[ACTIVITY]
The reply should hold only the lines below from the one with "this 1288×947 image." to the end, each copied exactly.

Saved data entries
################
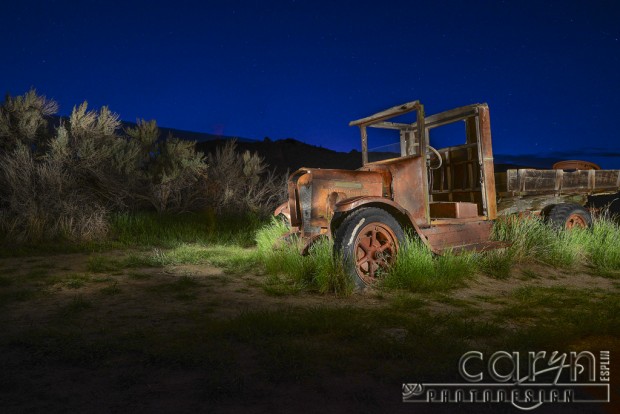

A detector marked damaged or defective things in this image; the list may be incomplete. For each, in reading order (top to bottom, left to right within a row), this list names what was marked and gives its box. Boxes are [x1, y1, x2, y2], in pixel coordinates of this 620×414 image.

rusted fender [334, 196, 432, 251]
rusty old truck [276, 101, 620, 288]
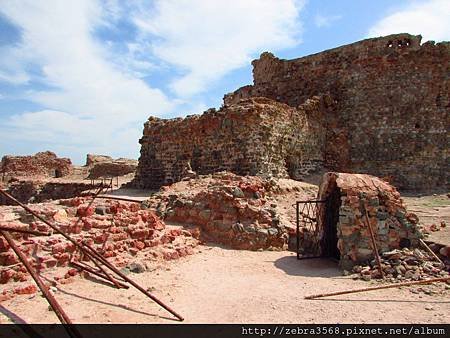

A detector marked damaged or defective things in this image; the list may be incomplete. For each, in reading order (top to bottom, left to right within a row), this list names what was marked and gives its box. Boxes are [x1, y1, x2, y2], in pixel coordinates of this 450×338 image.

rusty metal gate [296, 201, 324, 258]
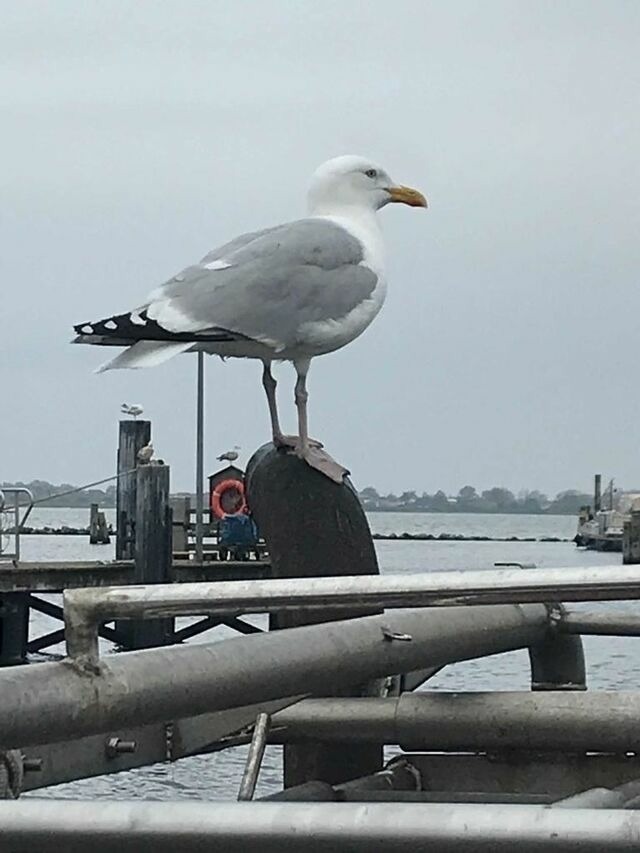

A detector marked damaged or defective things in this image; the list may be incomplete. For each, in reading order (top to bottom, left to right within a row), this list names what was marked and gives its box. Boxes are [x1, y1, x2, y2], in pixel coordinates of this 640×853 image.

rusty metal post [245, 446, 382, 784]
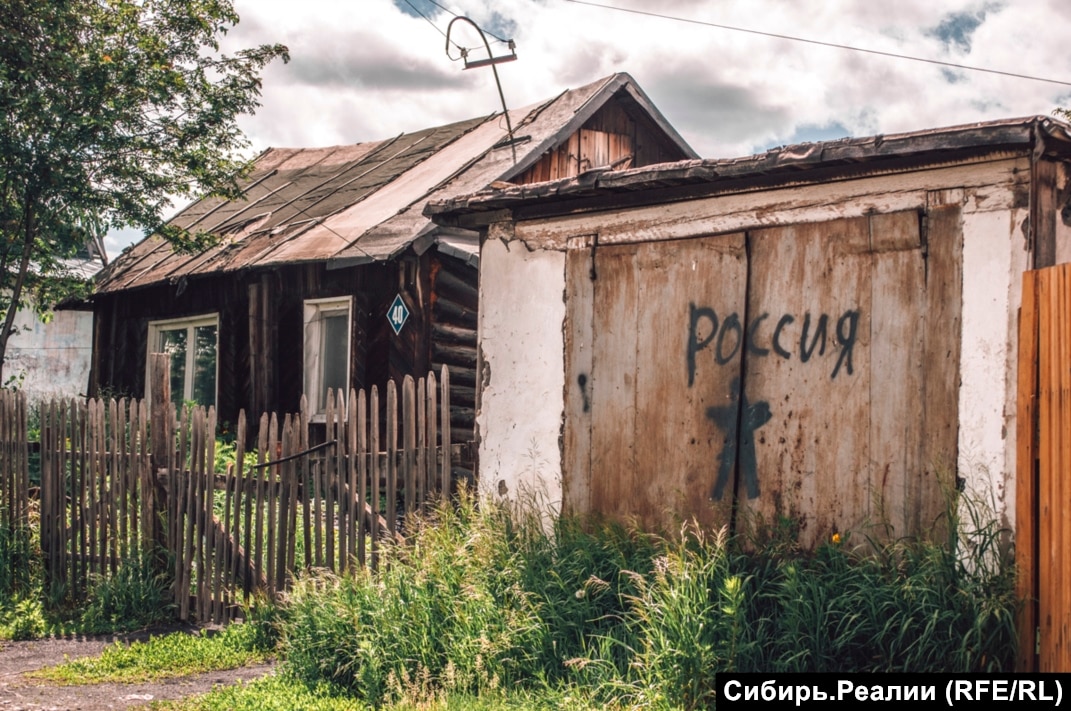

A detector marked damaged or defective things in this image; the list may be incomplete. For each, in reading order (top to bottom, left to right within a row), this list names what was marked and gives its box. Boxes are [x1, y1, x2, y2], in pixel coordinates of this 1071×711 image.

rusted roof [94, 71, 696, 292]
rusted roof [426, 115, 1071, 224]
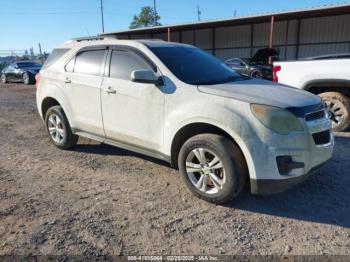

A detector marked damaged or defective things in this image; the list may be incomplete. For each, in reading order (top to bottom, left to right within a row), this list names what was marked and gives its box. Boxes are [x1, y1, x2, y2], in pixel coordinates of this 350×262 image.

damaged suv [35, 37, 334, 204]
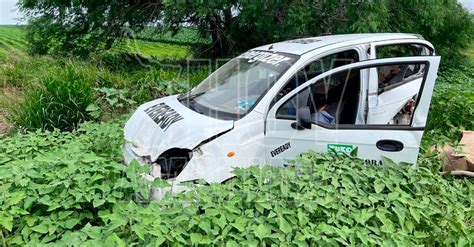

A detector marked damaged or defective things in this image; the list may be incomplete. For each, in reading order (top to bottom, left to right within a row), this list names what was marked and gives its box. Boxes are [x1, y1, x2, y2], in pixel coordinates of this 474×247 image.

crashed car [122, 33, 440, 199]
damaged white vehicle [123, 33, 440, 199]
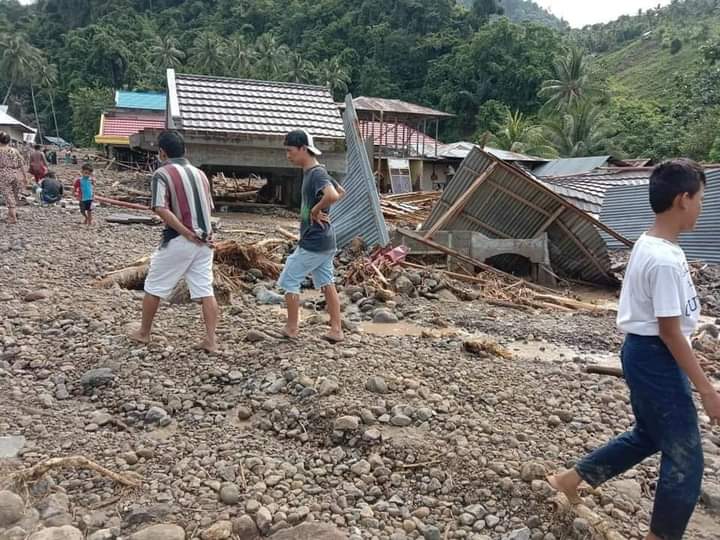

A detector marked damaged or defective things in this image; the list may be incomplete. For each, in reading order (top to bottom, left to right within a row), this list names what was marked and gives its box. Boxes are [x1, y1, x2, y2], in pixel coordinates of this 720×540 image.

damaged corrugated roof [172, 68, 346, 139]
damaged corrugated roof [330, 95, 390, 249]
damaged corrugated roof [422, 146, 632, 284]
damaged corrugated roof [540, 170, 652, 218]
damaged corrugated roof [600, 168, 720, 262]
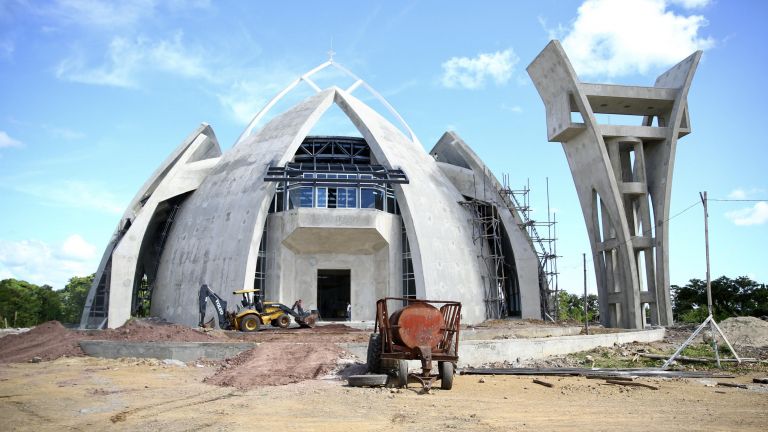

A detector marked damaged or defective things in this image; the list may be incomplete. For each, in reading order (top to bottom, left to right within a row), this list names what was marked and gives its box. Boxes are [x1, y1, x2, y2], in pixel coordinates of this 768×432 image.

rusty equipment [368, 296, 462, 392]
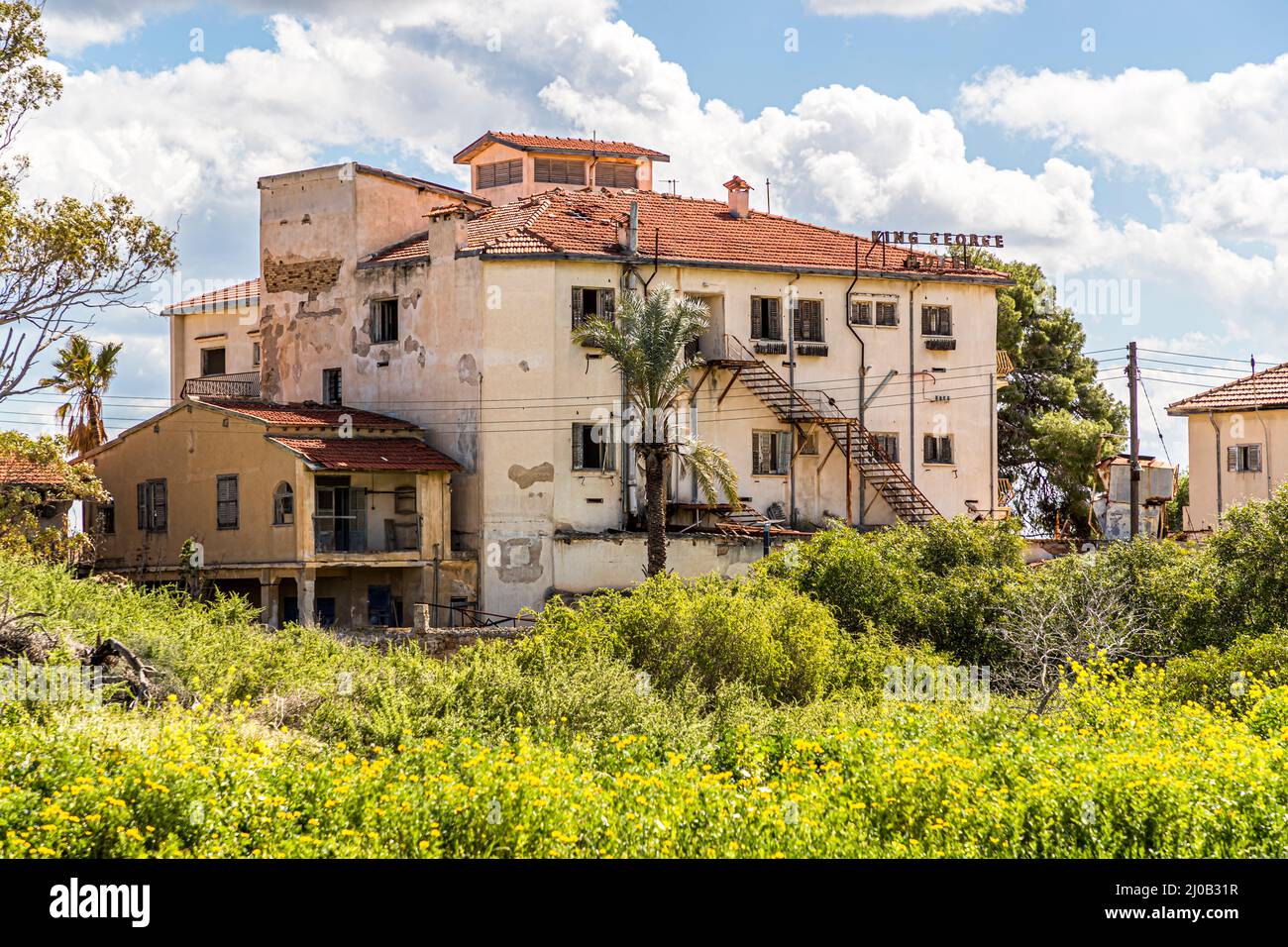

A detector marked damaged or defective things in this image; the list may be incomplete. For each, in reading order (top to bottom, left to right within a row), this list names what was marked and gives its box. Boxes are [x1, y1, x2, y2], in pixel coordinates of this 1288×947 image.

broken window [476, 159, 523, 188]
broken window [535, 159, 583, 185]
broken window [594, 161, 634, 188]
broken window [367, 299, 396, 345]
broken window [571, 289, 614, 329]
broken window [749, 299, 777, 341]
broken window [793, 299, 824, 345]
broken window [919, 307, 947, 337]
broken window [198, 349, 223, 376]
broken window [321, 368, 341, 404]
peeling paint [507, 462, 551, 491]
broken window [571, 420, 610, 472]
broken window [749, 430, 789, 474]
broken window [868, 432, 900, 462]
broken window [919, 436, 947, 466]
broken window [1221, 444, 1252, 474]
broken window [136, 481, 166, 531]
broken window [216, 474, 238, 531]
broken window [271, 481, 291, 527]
################
[ANSWER BELOW]
A detector marked damaged or defective things in this image; the list may be incomplete. For each, in reading order (top to bottom, left to right within a row), this list names what was marked and gives its box. Boxes are [x1, y1, x2, y2], in pixel coordinates of this 1288×947 image.

broken window [476, 159, 523, 188]
broken window [535, 159, 583, 185]
broken window [594, 161, 634, 188]
broken window [367, 299, 396, 345]
broken window [571, 289, 614, 329]
broken window [749, 299, 777, 341]
broken window [793, 299, 824, 345]
broken window [919, 307, 947, 337]
broken window [198, 349, 223, 376]
broken window [321, 368, 341, 404]
peeling paint [507, 462, 551, 491]
broken window [571, 420, 610, 472]
broken window [749, 430, 789, 474]
broken window [868, 432, 900, 462]
broken window [919, 436, 947, 466]
broken window [1221, 444, 1252, 474]
broken window [136, 481, 166, 531]
broken window [216, 474, 238, 531]
broken window [271, 481, 291, 527]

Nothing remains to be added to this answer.